Go to the line with "ビーズ刺繍ブローチ イニシャルブローチ A アルファベット A" in the material below and copy from there through the line with "নাটোরের গুরুদাসপুরে বিয়ের", exactly. Pictures are not copied.

-- PROVIDED ENTRIES follows --

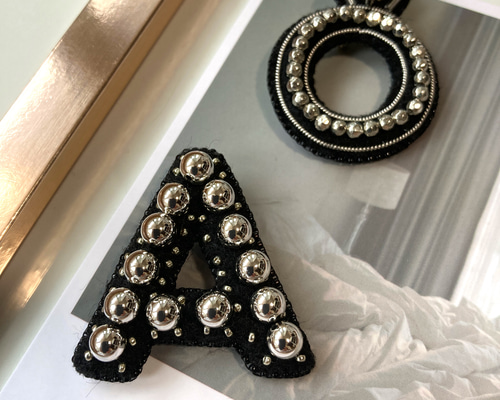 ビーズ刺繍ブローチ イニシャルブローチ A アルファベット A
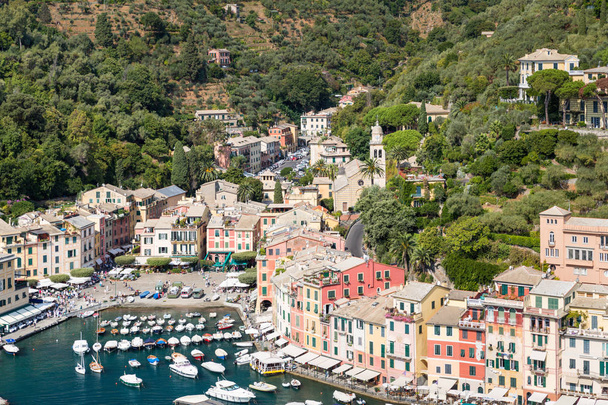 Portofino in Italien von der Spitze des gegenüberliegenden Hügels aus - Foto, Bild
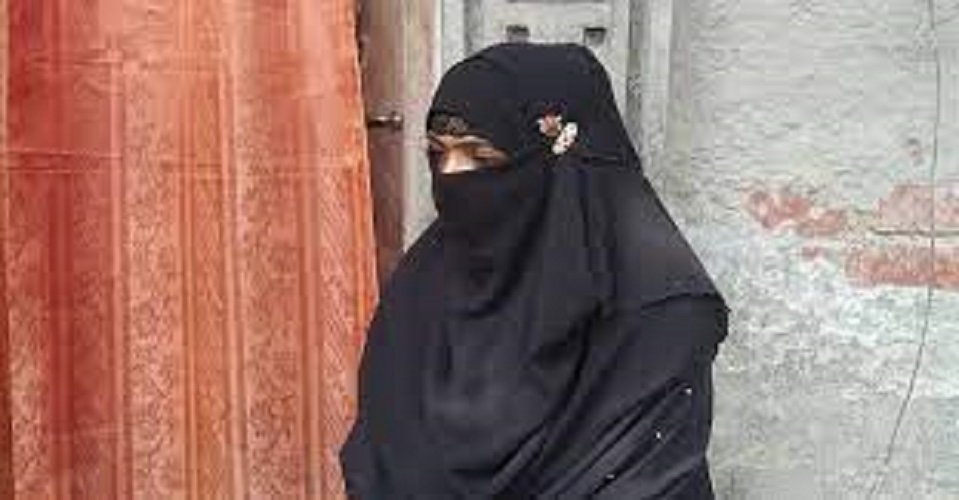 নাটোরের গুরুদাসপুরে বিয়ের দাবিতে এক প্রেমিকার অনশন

-- PROVIDED ENTRIES concluded --
-- PROVIDED ENTRIES follows --

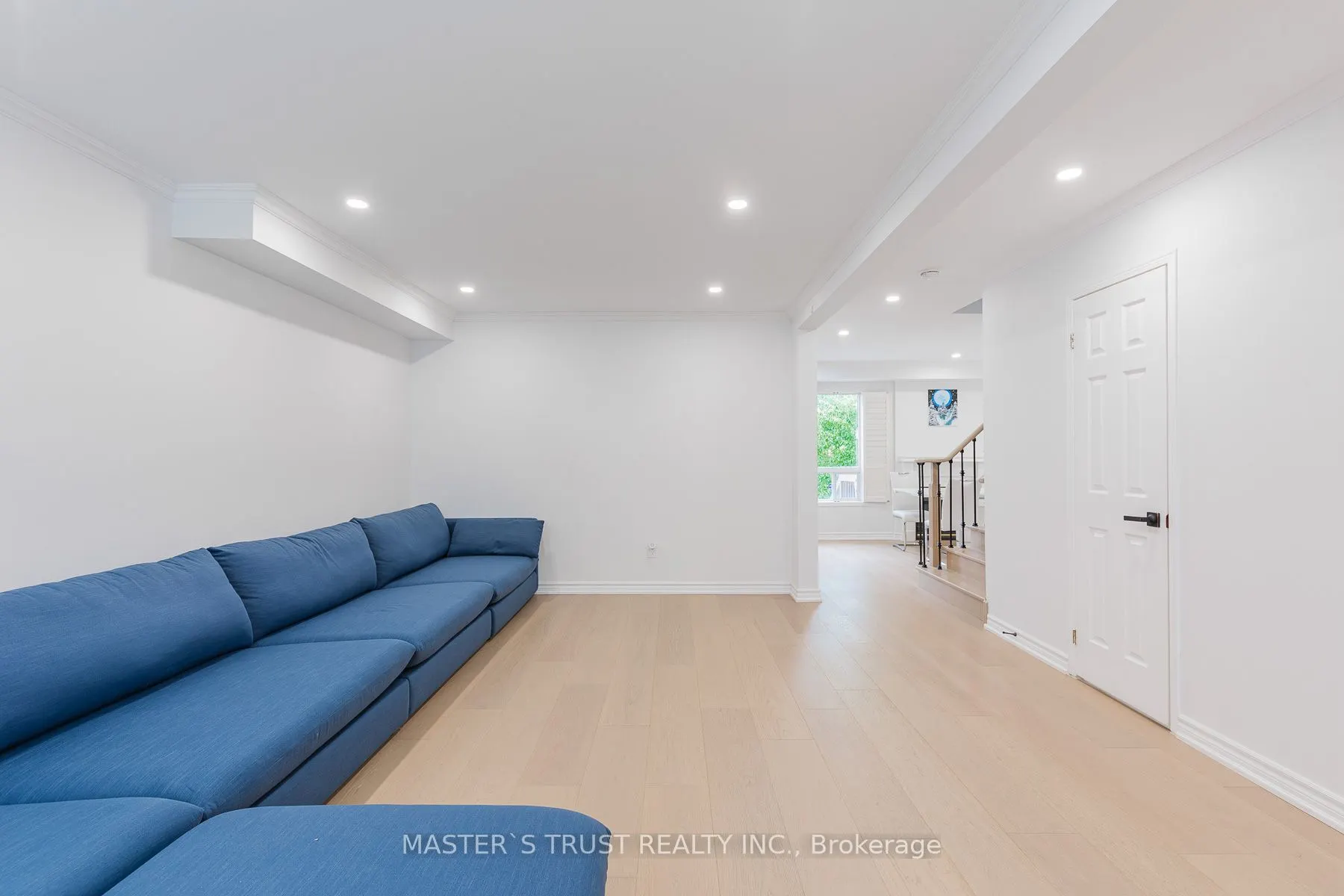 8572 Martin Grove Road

-- PROVIDED ENTRIES concluded --

## ANSWER SPACE
 ビーズ刺繍ブローチ イニシャルブローチ A アルファベット A
 Portofino in Italien von der Spitze des gegenüberliegenden Hügels aus - Foto, Bild
 নাটোরের গুরুদাসপুরে বিয়ের দাবিতে এক প্রেমিকার অনশন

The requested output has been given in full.